Financing Your Company: Six Key Issues from a Lawyer’s Perspective
By David Peteler
Early stage businesses need financing to grow and succeed. Depending on your stage of development, you may be looking for “friends and family” financing, an Angel round, or a Series A round. While these different types of investors have their own investment requirements, once investors are interested in your company, they will want to do due diligence on at least these six basic items.
- Investment Proposition. How much of the company will the investor get for their investment? A pro-forma fully-diluted post-money cap table will show this, i.e. a cap table that shows all of the issued stock, options, warrants, and convertible securities; as well as the new stock to be issued in the financing. The pro-forma should assume that all authorized options and warrants are exercised, and all convertible securities are converted. It should also show how much money is being raised, and what the equity percentages will be after the new money has been raised. The pro-forma financial statement also shows investors that the founders have gone through the crucial process of allocating the initial equity.
- Basic Corporate Structure In Place. Investors want to be sure they’re investing in a company that is set up properly from a legal point of view, so they are confident that they are getting the stock (or other investment instrument) they think they are buying. They will want to see an existing entity (likely a Delaware corporation), with the basic corporate documentation in place.
- Commitment of The Team. Investors want to know your team is committed. Investors will want the founders and key people to sign employment or consulting contracts with stock vesting provisions, rights of first refusal, drag-along rights, and other rights. They will want team members to sign non-disclosure and IP assignment agreements. These agreements are designed to be sure the critical team members stay in place until the business has been developed to the expected level.

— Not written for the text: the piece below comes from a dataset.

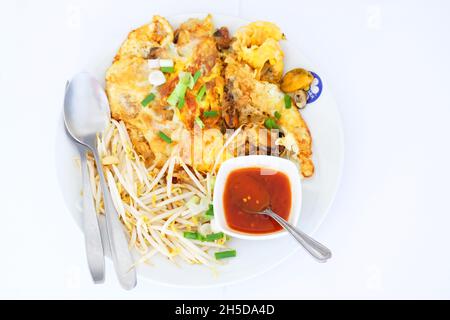 Fried mussels with egg and bean sprouts and tomato sauce in plate on white background Stock Photo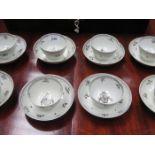 SET OF EIGHT EARLY HANDPAINTED CERAMIC TEA BOWLS AND SAUCERS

- Intellectual Property Protection. IP protection is important to investors, especially if the IP is unique or crucial to the company’s success. Take steps to protect it before you take investment money.

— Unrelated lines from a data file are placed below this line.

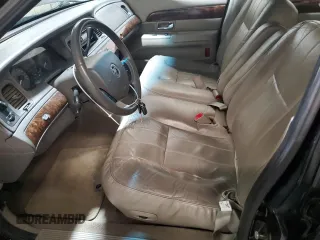 2010 Mercury Grand Marquis LS z VIN 2MEBM7FV6AX628705, wystawiony jako Copart lot #52185105 z przebiegiem 139 485 mil mil oraz Szkody całkowita. Historia ofert i sprzedaży dostępna na DreamBid. Obrazek 7.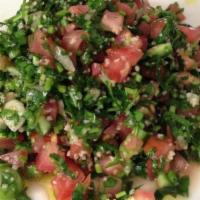Tabouleh · fine chopped parsely,tomatoes,onions,bulghur wheat with a lemon,olive oil,and mint dressing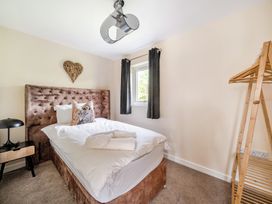 A bedroom with a bed and bedside lamp at Poker Lodge Near Brigg
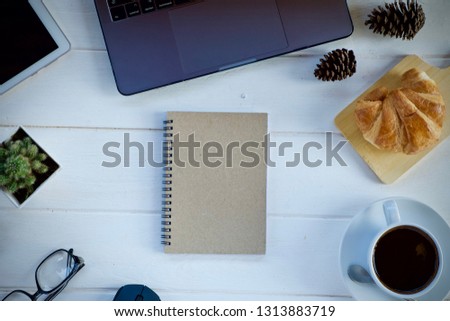 Desk work laptop notebook pen and coffee cup hot on wooden table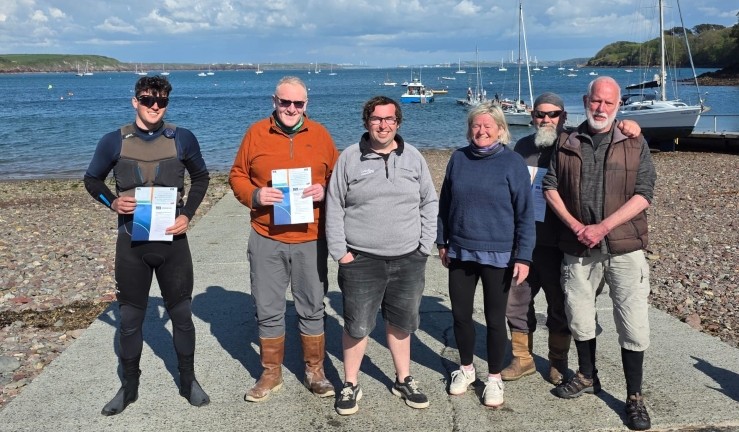 Half a dozen newly qualified RYA Safety Boat holders on a slipway with the sea behind them after completing their certificates as part of the RYA CW Big Day Out 2025 in Pembrokeshire. 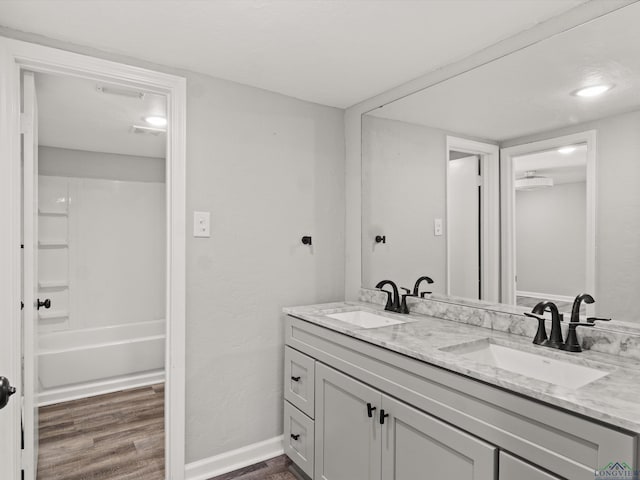 bathroom with double vanity, baseboards, a sink, and wood finished floors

- Plan For Your Exit Strategy. Founders should design their businesses with the exit in mind, for their own purposes. Investors will want to know the exit strategy, so they know how and when to expect to monetize their investment. A startup seeking Series A investment should have a well-planned and well-articulated exit strategy. An early stage company should not be tied prematurely to a specific exit strategy, but should have a basic plan and some options in mind. The exit strategy will determine important decisions along the way, so it is not just a goal, but an integral part of the journey of the company.
- Term Sheet and Investment Documents. After the first few meetings, a serious investor will want to see, or will propose, a term sheet. Once the terms are agreed, the investors will request, or propose their own form, of investment documents. These steps show that the company is knowledgeable and realistic about the financing, and that the goals of the investor match the goals of the company. The investment documents will include a stock purchase agreement (or other type of investment agreement). Depending on the company and investment, there may be several other important investment documents. The details of these documents are critical to the investment, and potentially to the success of your company. They may also be critical to your position as founders in the company.
Founders will want to be prepared for each of these topics.